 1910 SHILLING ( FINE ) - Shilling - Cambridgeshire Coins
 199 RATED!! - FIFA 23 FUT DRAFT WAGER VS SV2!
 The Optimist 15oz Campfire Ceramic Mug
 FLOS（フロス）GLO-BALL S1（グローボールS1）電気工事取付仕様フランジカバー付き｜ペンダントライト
______
Task instructions: Exactly what appears above must be set down again in full.

Your response:
 1910 SHILLING ( FINE ) - Shilling - Cambridgeshire Coins
 199 RATED!! - FIFA 23 FUT DRAFT WAGER VS SV2!
 The Optimist 15oz Campfire Ceramic Mug
 FLOS（フロス）GLO-BALL S1（グローボールS1）電気工事取付仕様フランジカバー付き｜ペンダントライト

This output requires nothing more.